Co-Diagnostics, Inc. is conducting a registered direct offering of 12,002,272 shares of common stock at $0.55 per share and 725,000 pre-funded warrants priced at $0.5499, each exercisable at $0.0001 for one share. This prospectus also covers the shares issuable upon exercise of the pre-funded warrants.
The deal is via Maxim Group on a reasonable best-efforts basis with no minimum, for expected gross proceeds of $6,999,927.10 and estimated net proceeds of approximately $6.4 million, to be used for working capital and general corporate purposes. Closing is expected around October 29, 2025, subject to customary conditions, and includes 45-day lock-ups for the company and insiders.
Shares outstanding were 48,142,582 as of October 27, 2025, and would be 60,869,854 assuming full exercise of the pre-funded warrants. Risk factors include an auditor’s going-concern explanatory paragraph and an active Nasdaq minimum bid price compliance plan.

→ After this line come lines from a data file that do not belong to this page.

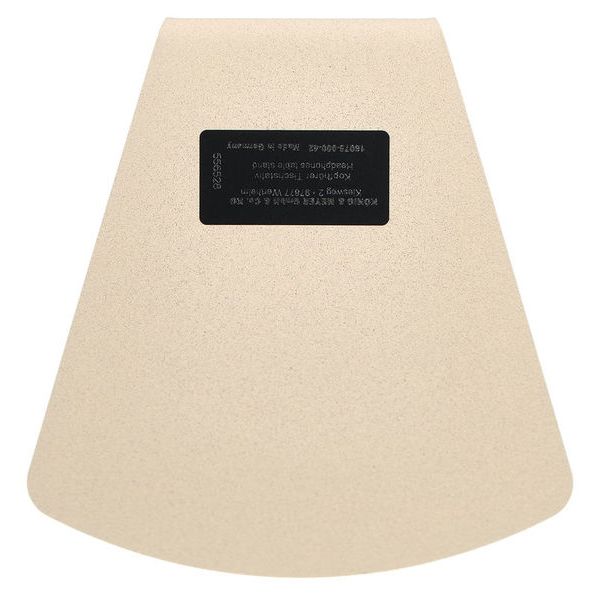 K&M 16075 sand-beige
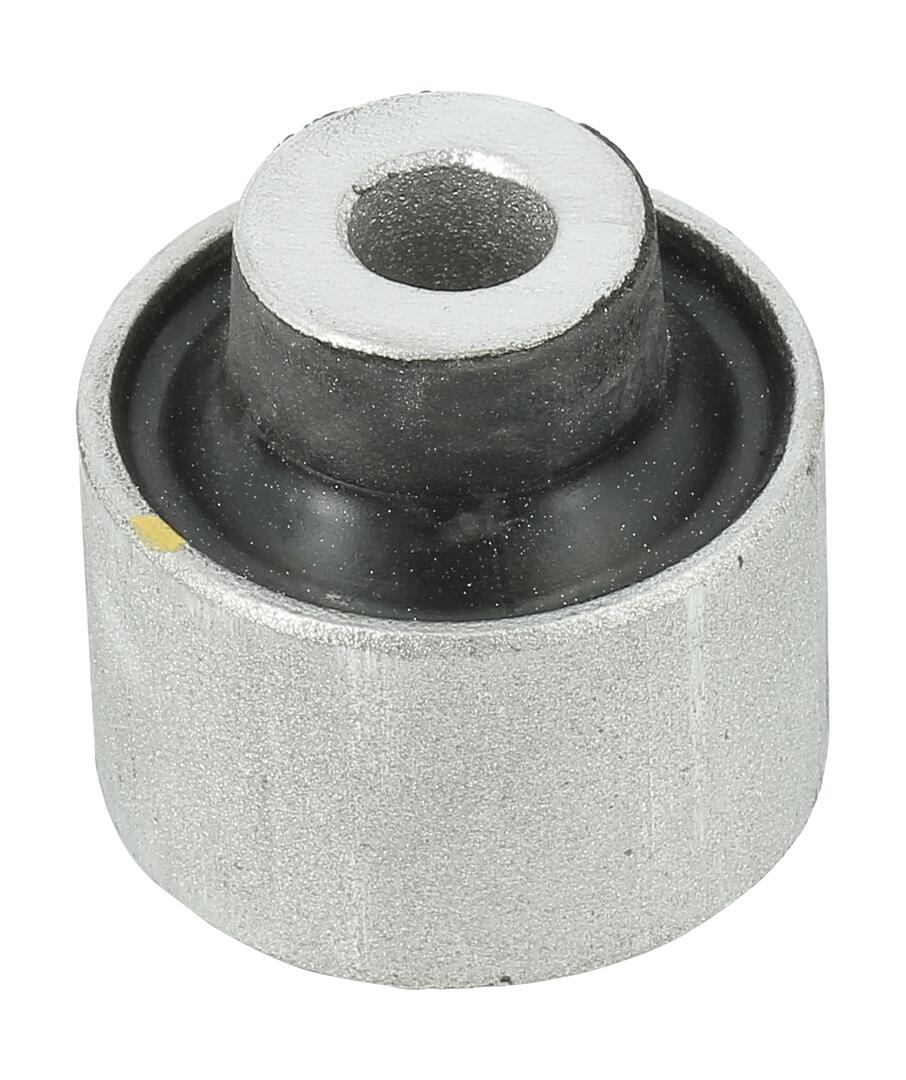 Supporto, braccio oscillante MOOG AU-SB-7919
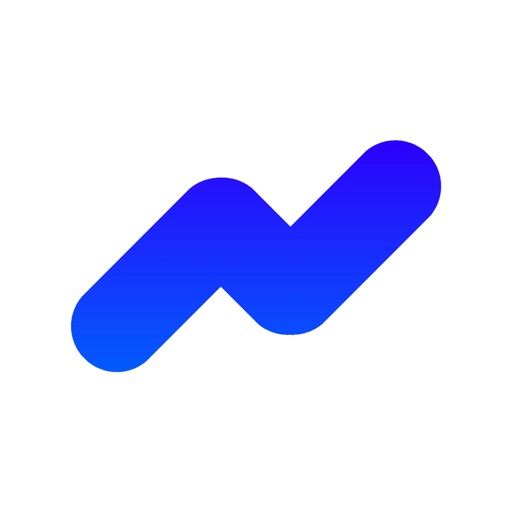 图表绘制 - Plotter官方下载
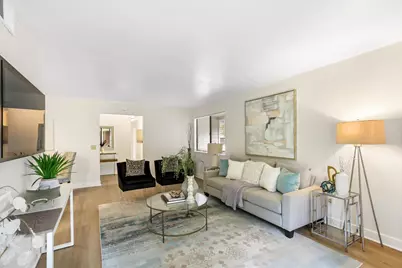 539 Jerome Street, Davis, CA 95616 - Photo 25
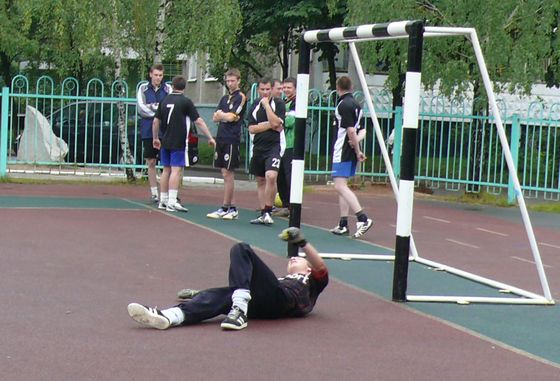 minsk_sovetskij_d2_30_07_07_21.jpg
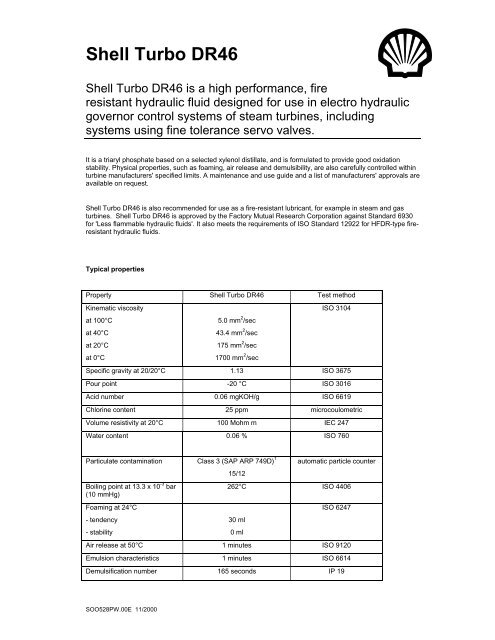 din 6930-m tolerance din 6930-m tolerance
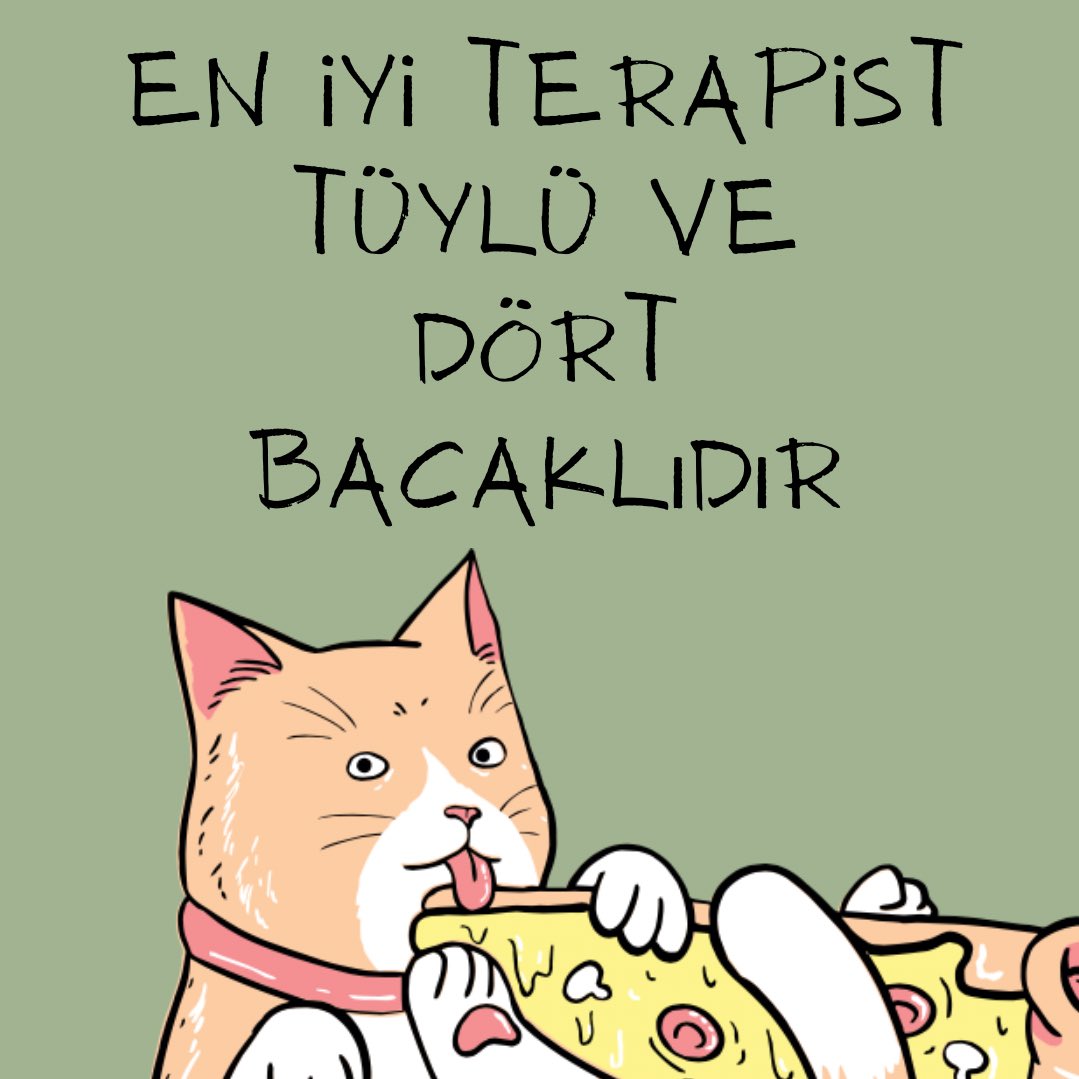 Pozitif Dokunuş (@pdokunus) on Twitter photo 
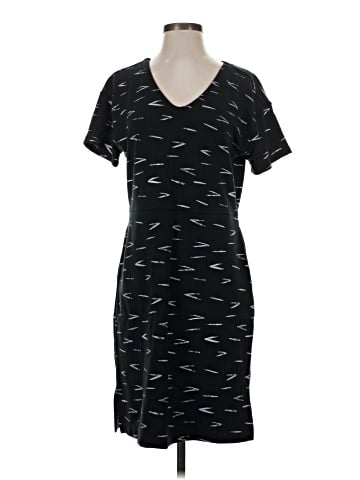 Title Nine Casual Dress (view 1)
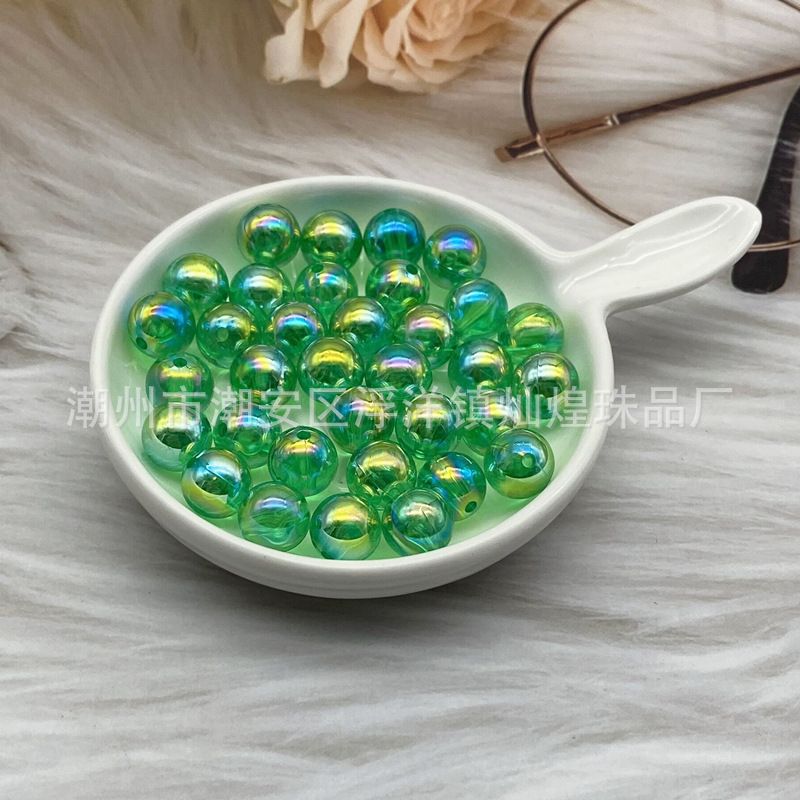 QQ图片20211115101004_副本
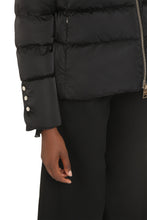 Load image into Gallery viewer, Short down jacket
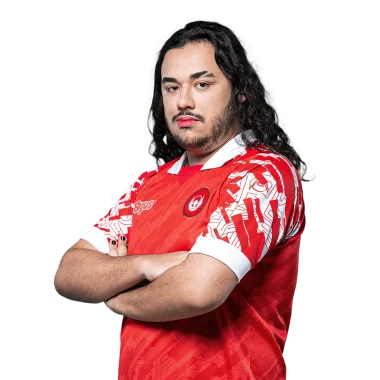 Фото Sindra - Луис Тавареш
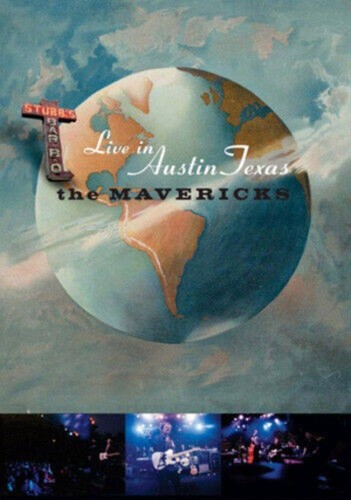 Live austin texas - in, texas,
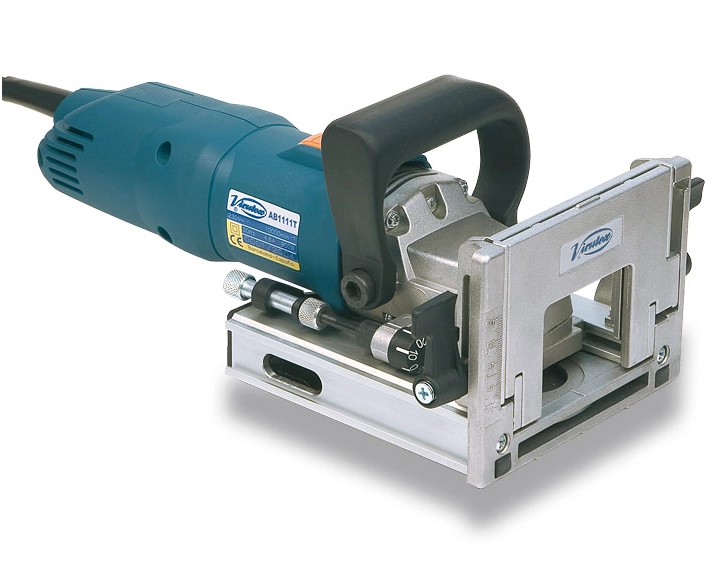 Fraiseuse De Lamelles VIBOY AB111N - 7900200 3 Fraiseuse De Lamelles VIBOY AB111N - 7900200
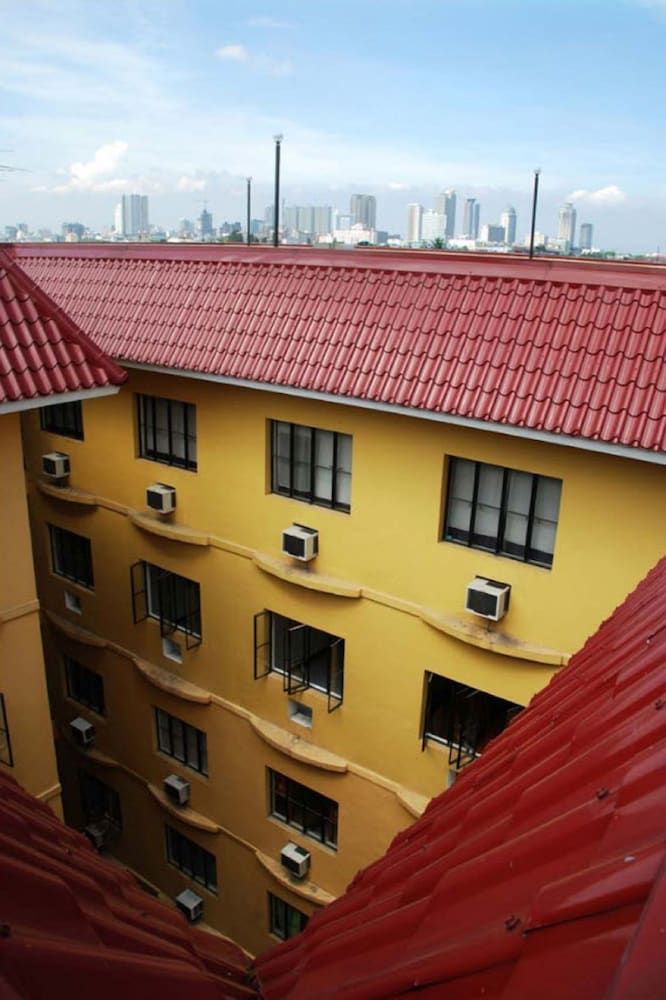 undefined La Casarita 6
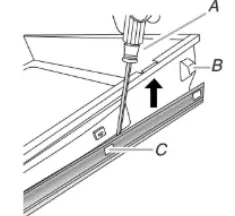 Whirlpool-W11509598A-Freestanding-Electric-Range-fig-44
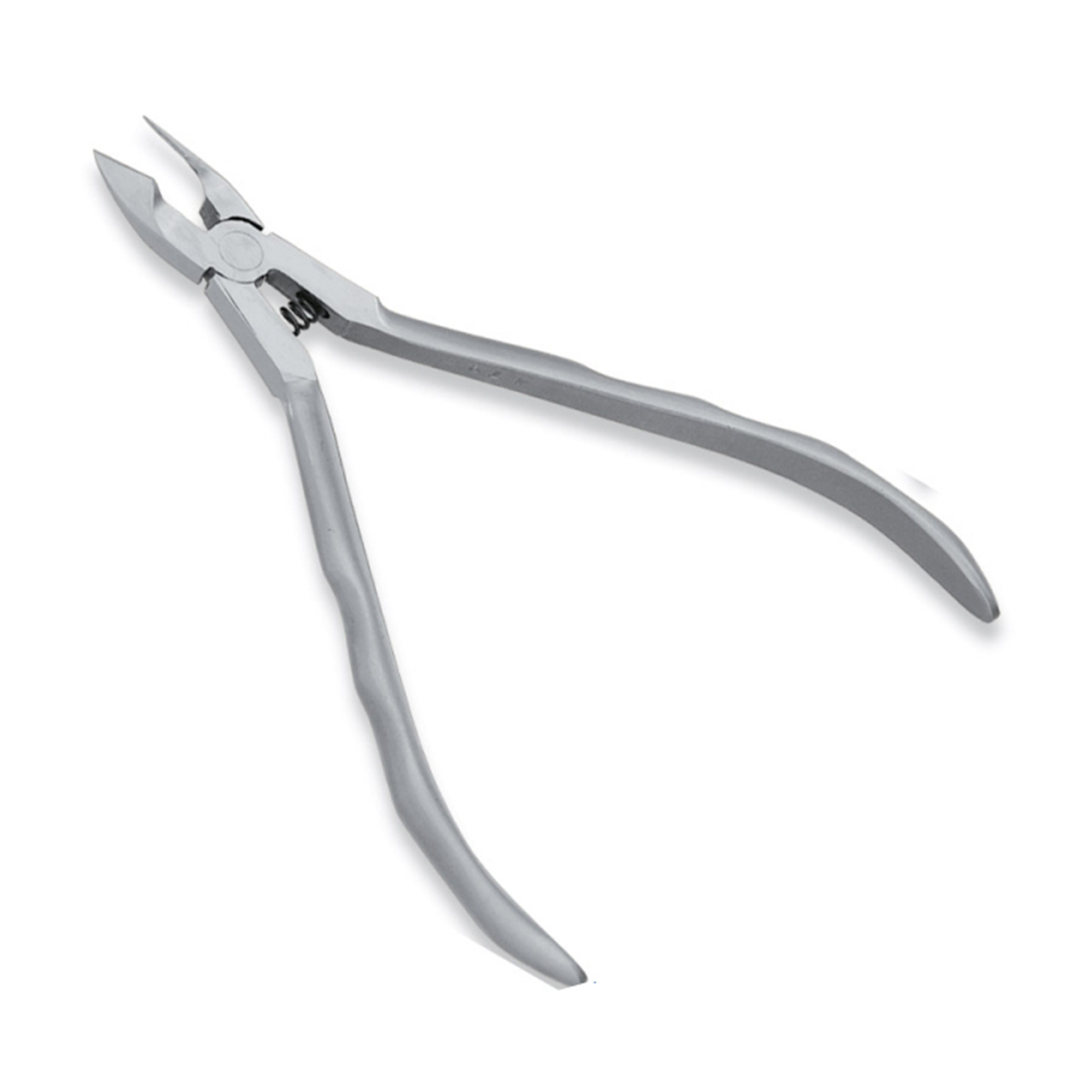 cuticle-nipper11222
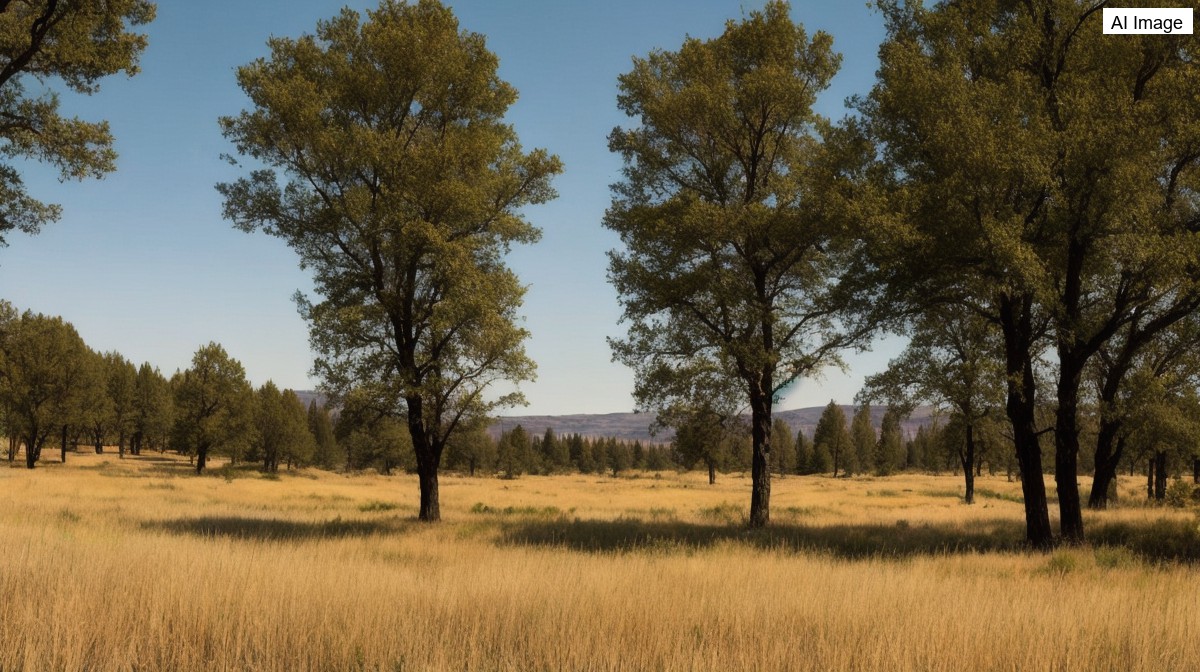 Eastern Washington wildfires force evacuations in two counties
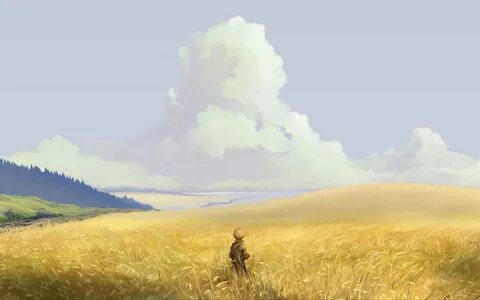 Fields3 reddit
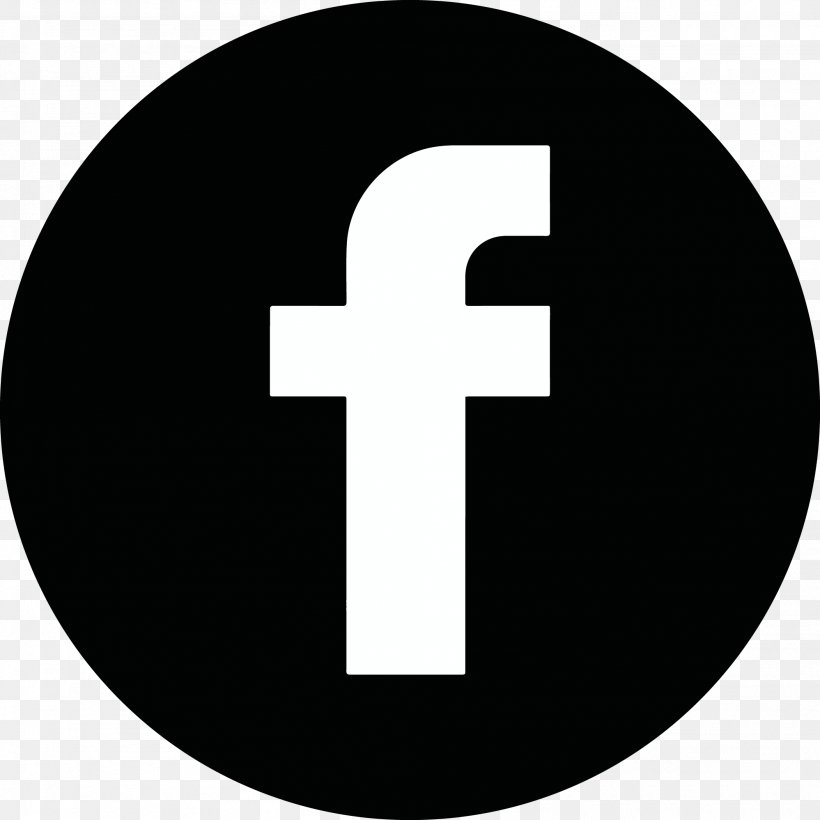 Social Media Facebook F8, PNG, 1997x1997px, Social Media, Black And White, Brand, Facebook, Facebook F8 Download Free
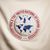 Richard Ashcroft: RPA & The United Nations Of Sound, CD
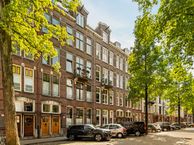 Frans van Mierisstraat 45 - 2, 1071 RK Amsterdam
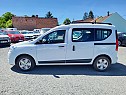 Dacia Dokker 1.5 Blue dCi 5-míst ARTCICA Dacia Dokker 1.5 Blue dCi 5-míst ARTCICA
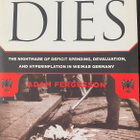 When Money Dies. Saksa ja hyperinflaatio 1923 - pikkukuva 1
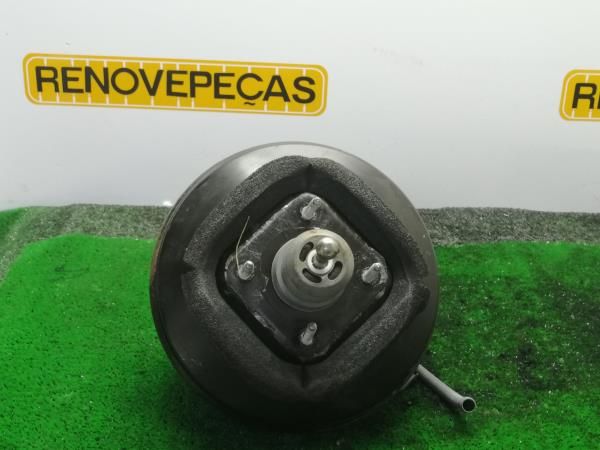 Servofreio CITROËN C3 II (SC_)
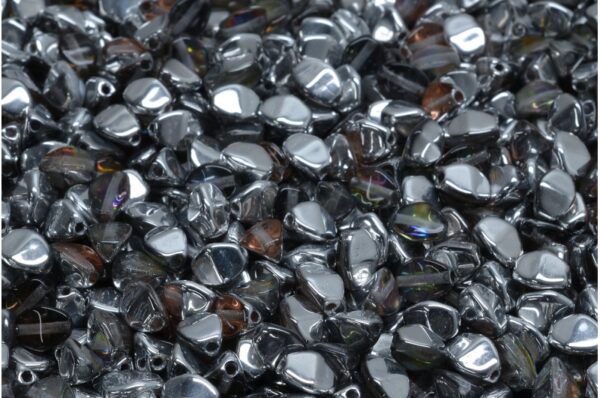 Pinch Beads 5x5mm - Image 1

Orca Capital AG reported beneficial ownership of 2,193,713 shares of Co-Diagnostics, Inc. (CODX), representing 4.6% of the company's outstanding common stock. The filing, made on a Schedule 13G/A, states Orca Capital has sole voting and dispositive power over all reported shares and confirms the holdings were not acquired to influence control of the issuer. The percentage calculation is based on 48,142,582 shares outstanding following the issuer's registered offering as disclosed in the issuer's prospectus dated September 18, 2025.